How a Rickety U-Haul Kickstarted My Digital Career
In hindsight, picking up everything and relocating from Cincinnati to Minneapolis might have looked reckless and wayward. But I needed a job — and the company offering me one was right in the sweet spot of everything my friends and I had been trying to build. So we did what any ambitious twenty-somethings would do: we piled everything we owned into a U-Haul and headed northwest.
Rick drove the truck. I followed in my copper Dodge Lancer — burgundy red interior, very trendy at the time — and tried to keep up.
No cell phones in the 90s, so staying close to the U-Haul was Plan A. Good plan, except the U-Haul had other ideas. That thing broke down constantly. We’d limp into a rest stop, find a pay phone, and dial U-Haul support. “Sorry sir, we can’t get a replacement vehicle to your location for about 8 hours.” The thought of unloading and reloading everything was unbearable, so we did what any reasonable person would do: ignored the blinking engine lights, ignored the sounds no engine should make, and kept going.
For most of the trip, Rick couldn’t push past 50 miles per hour. Through sheer grit — and maybe a little stupid stubbornness — we finally rolled into our apartment complex in Eden Prairie. Snow-covered fields stretched out in every direction. We were exhausted, but we were there.

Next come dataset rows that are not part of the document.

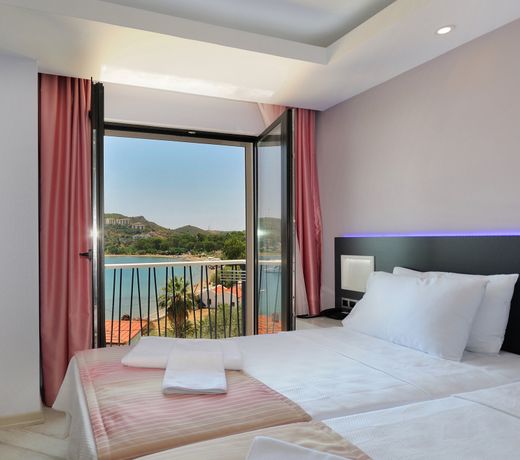 Datca Sapphire Hotel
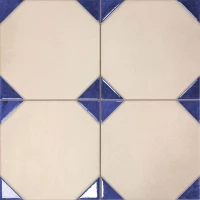 Керамогранит Dover Sand Cobalt 33,3x33,3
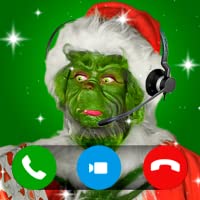 MrGrinch Game Call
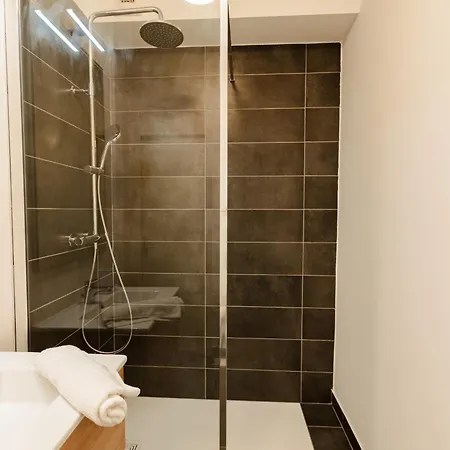 La Claustra, Cosy En Hyper Centre * Valence (Drome)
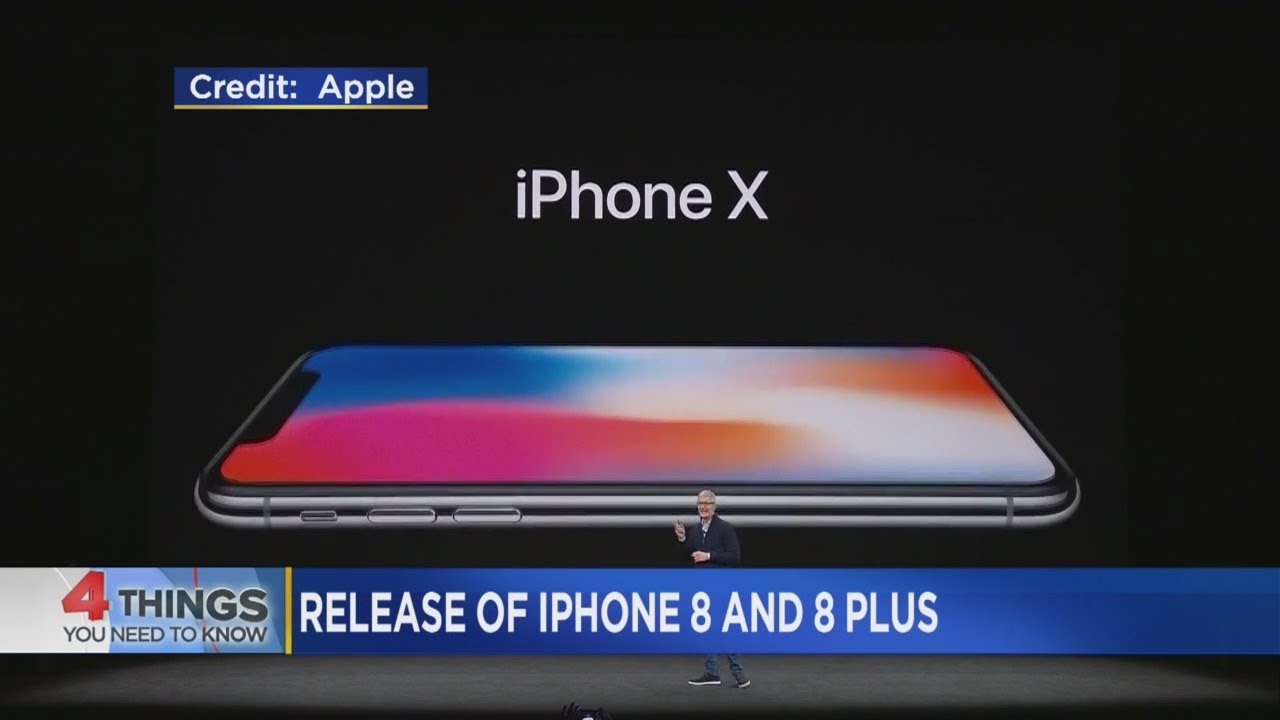 4 Things To Know From September 22, 2017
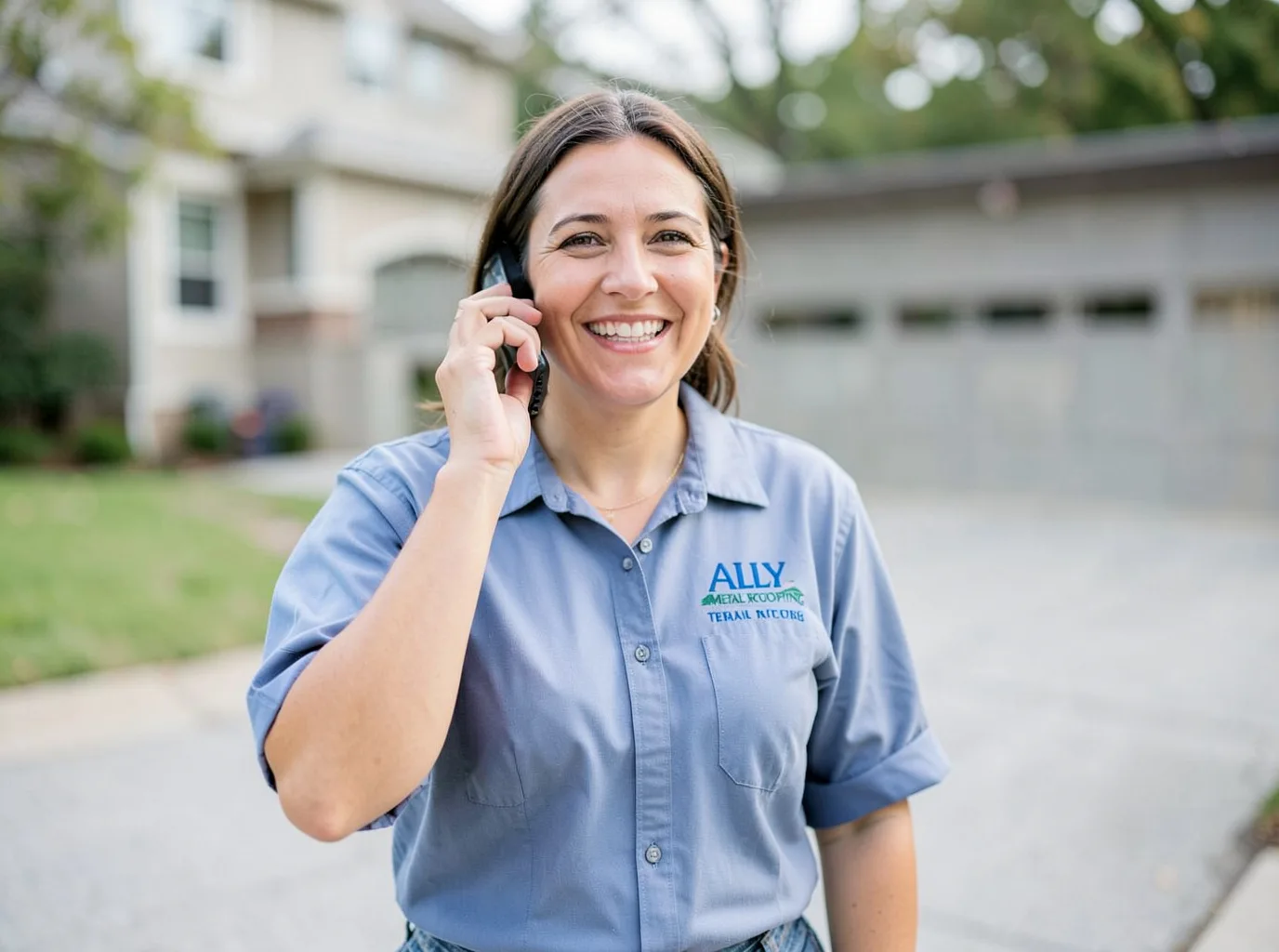 Metal Roof Installation Cave Springs, AR FAQs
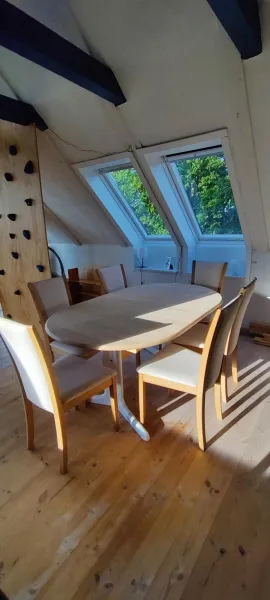 Hyggeligt værelse med lækkert badeværelse photo 2
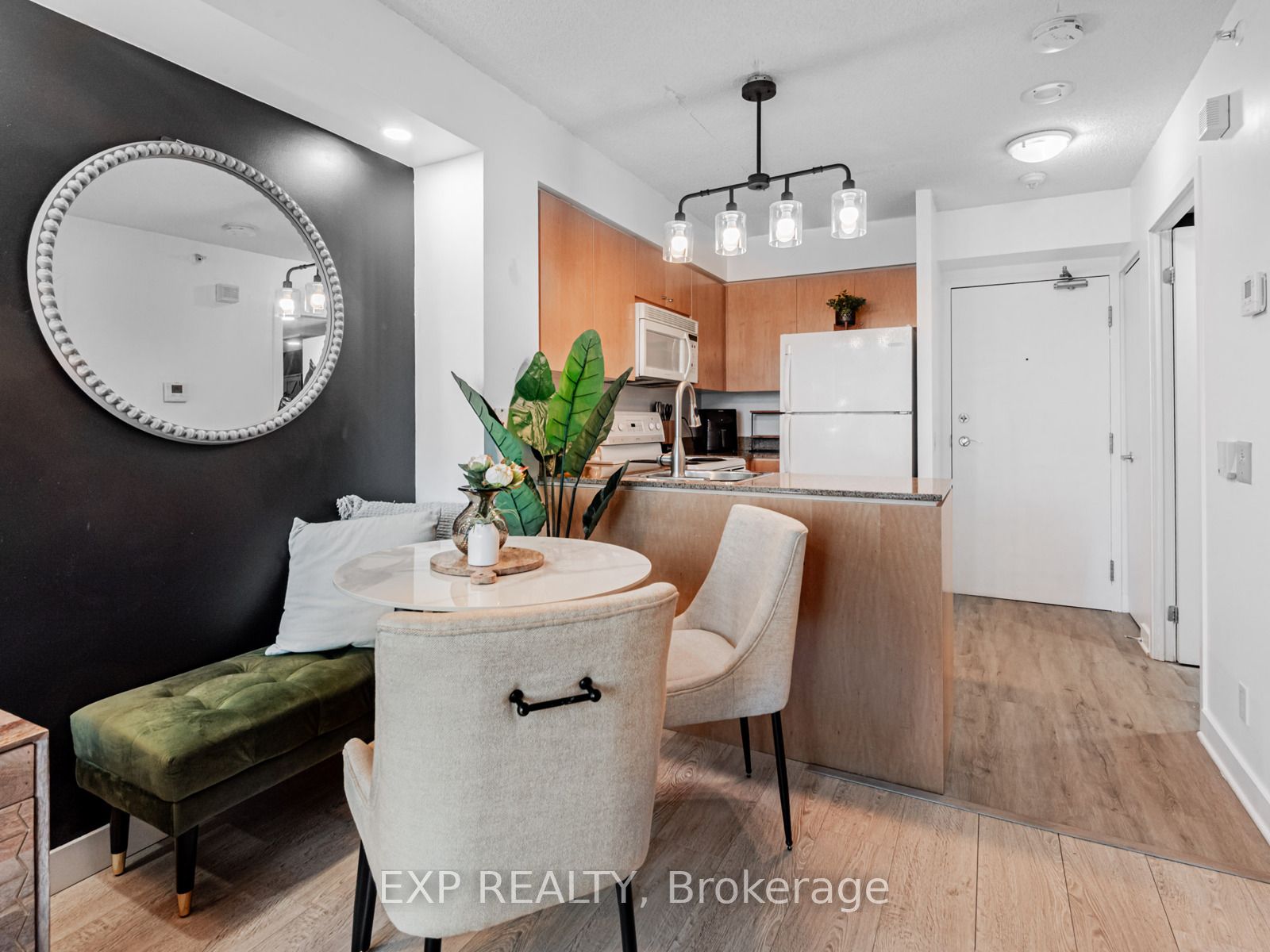 361 Front Street W 317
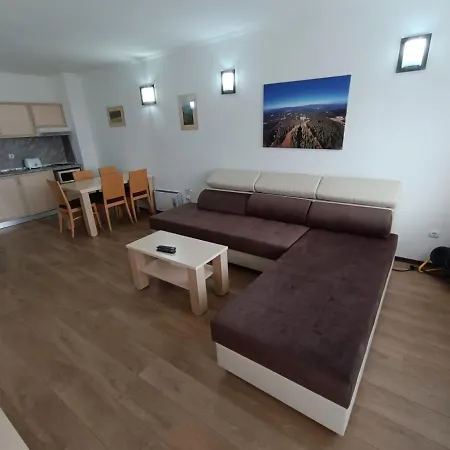 Viva 6 In Stenata Appartement Pamporovo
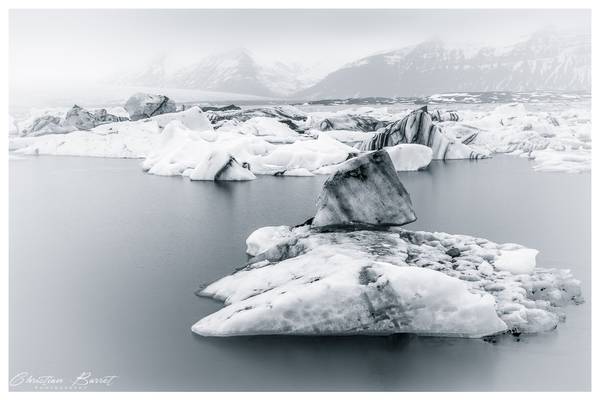 Iceland 2017- Jökulsárlón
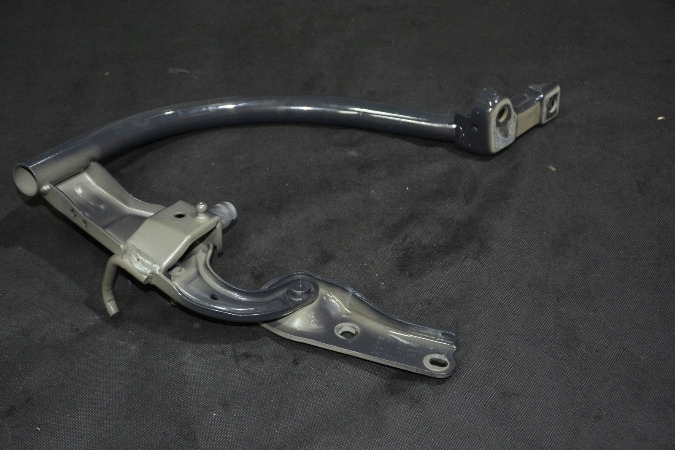 фото №10, Петля кришки зад vw passat b8 3g5827302 3g5827301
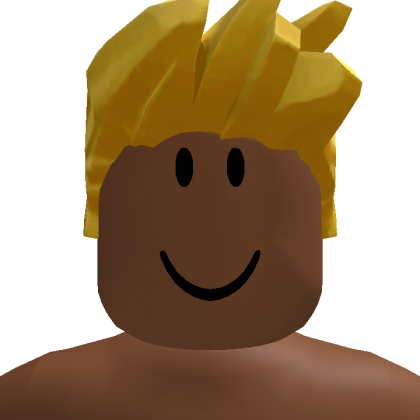 Roblox profile picture for @Olivierhe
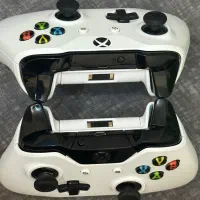 Xbox one S 1tra|کنسول، بازی ویدئویی و آنلاین|تهران, گلستان (شهرک راه آهن)|دیوار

A few days later, we started at Internet Broadcasting System — IBS. The company’s mission aligned almost perfectly with what we’d been building: a community-first approach to bringing local news and information to every major market in the country. Rick moved into sales and business development. I landed in content, marketing, and operations. And theAntenna — our scrappy little marketing tool we’d built to win new clients — was now in the fold at IBS. My job was to build a better mousetrap.
The first big test came quickly. IBS was gearing up for broadcasting’s Super Bowl: the National Association of Broadcasters conference in Las Vegas. Sony, CBS, NBC, Cumulus, Clear Channel — all the major players, all in one place, all navigating an industry in the middle of massive upheaval. We overhauled theAntenna down to the screws for the show — new logo, new branding, new website, new publishing schedule. That conference also gave me my first taste of the exhausted-but-wired feeling you only get after working a trade show for three days straight.
After leading theAntenna for a while, I shifted into a new role: Publisher of Channel 4000, which at the time was the nation’s first profitable TV station website (WCCO-TV). Big opportunity. The editorial team — all veterans of the Twin Cities journalism scene — already had an incredible rhythm and a deep feel for the market. Honestly, my best move was getting out of their way and letting them work.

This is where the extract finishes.